**Task details**
Apart from the pictures, reproduce the data below exactly as it stands.

**Provided entries**
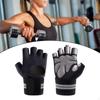 Workout Gloves Half Finger Anti Slip Yoga Sports Training Mitts for Summer Bicycling
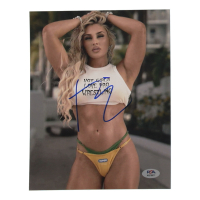 Tiffany Stratton Signed WWE 8x10 Photo (PSA) at PristineAuction.com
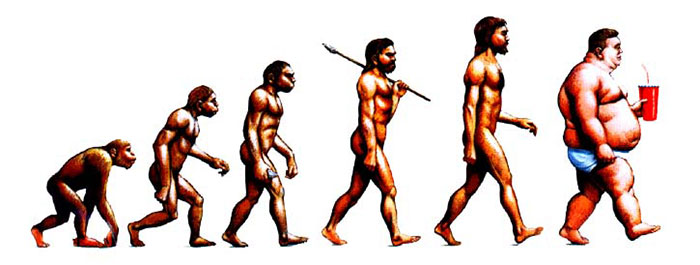 The De-Evolution Of Man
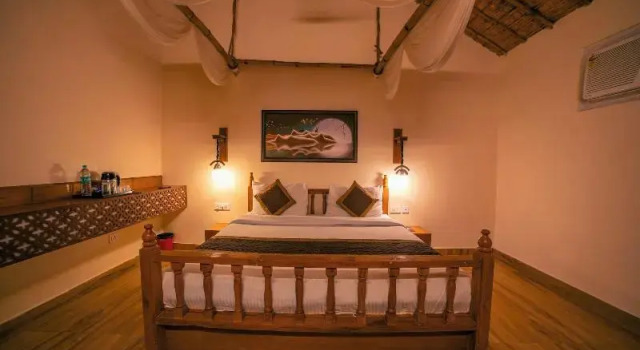 Corbett Cottage Resort, Rezervovat Lázně / Resort Nainital Uttarakhand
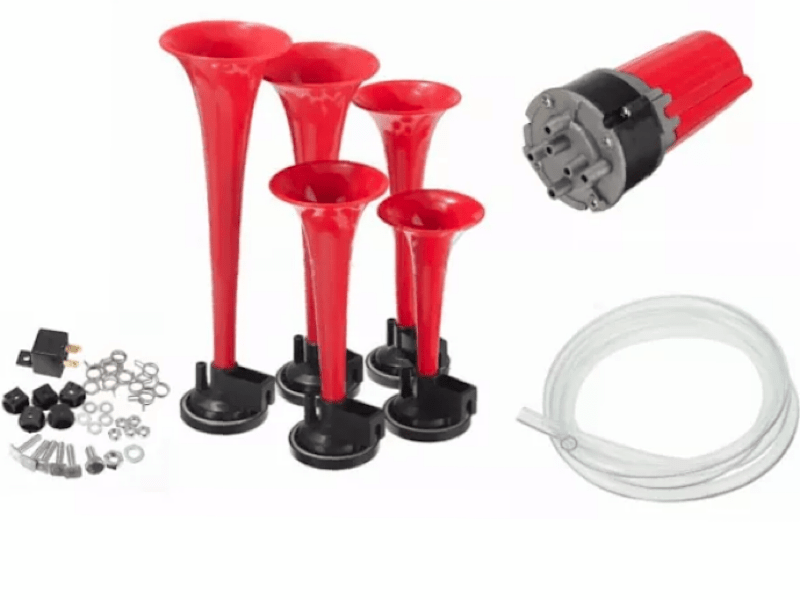 Dukes of Hazzard Horn 12V - TradeWest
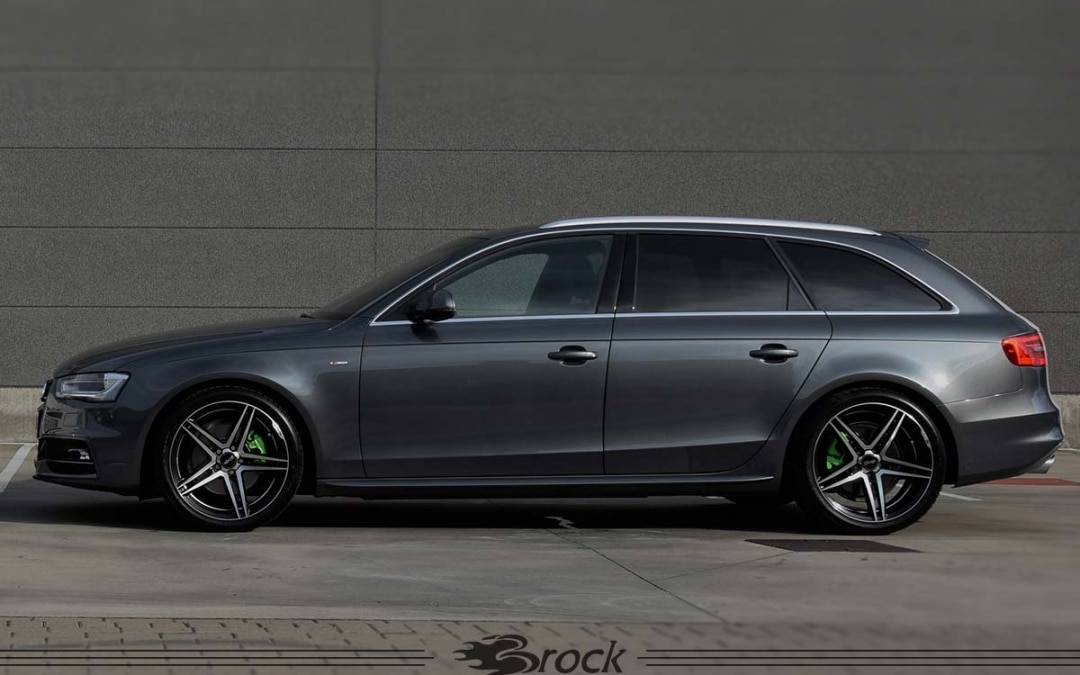 Audi A4 S-Line Brock B33 SGVP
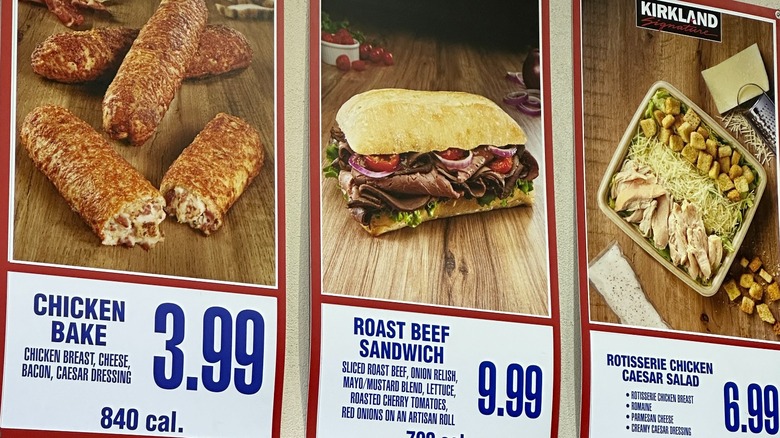 Costco roast beef sandwich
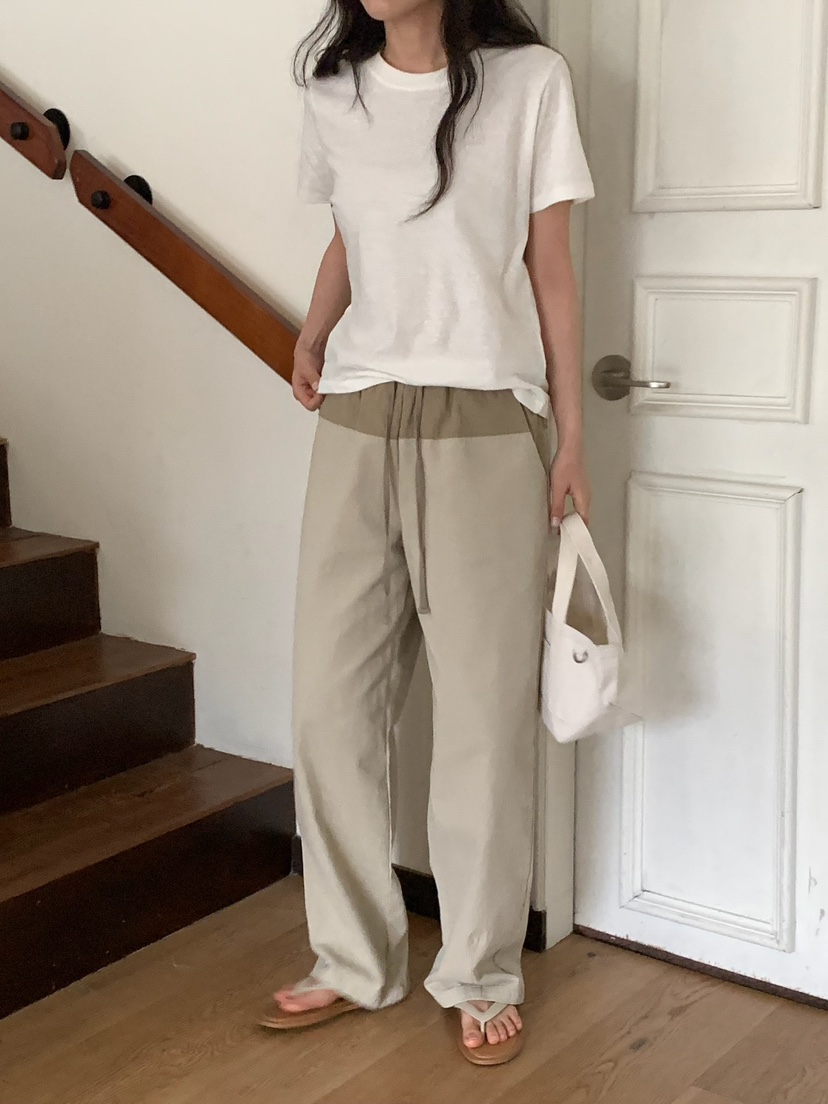 BLEECKER韓國東大門代購女士新款時尚熱賣職業26春夏休閑T恤BLEECKERT恤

**Answer for the task**
 Workout Gloves Half Finger Anti Slip Yoga Sports Training Mitts for Summer Bicycling
 Tiffany Stratton Signed WWE 8x10 Photo (PSA) at PristineAuction.com
 The De-Evolution Of Man
 Corbett Cottage Resort, Rezervovat Lázně / Resort Nainital Uttarakhand
 Dukes of Hazzard Horn 12V - TradeWest
 Audi A4 S-Line Brock B33 SGVP
 Costco roast beef sandwich
 BLEECKER韓國東大門代購女士新款時尚熱賣職業26春夏休閑T恤BLEECKERT恤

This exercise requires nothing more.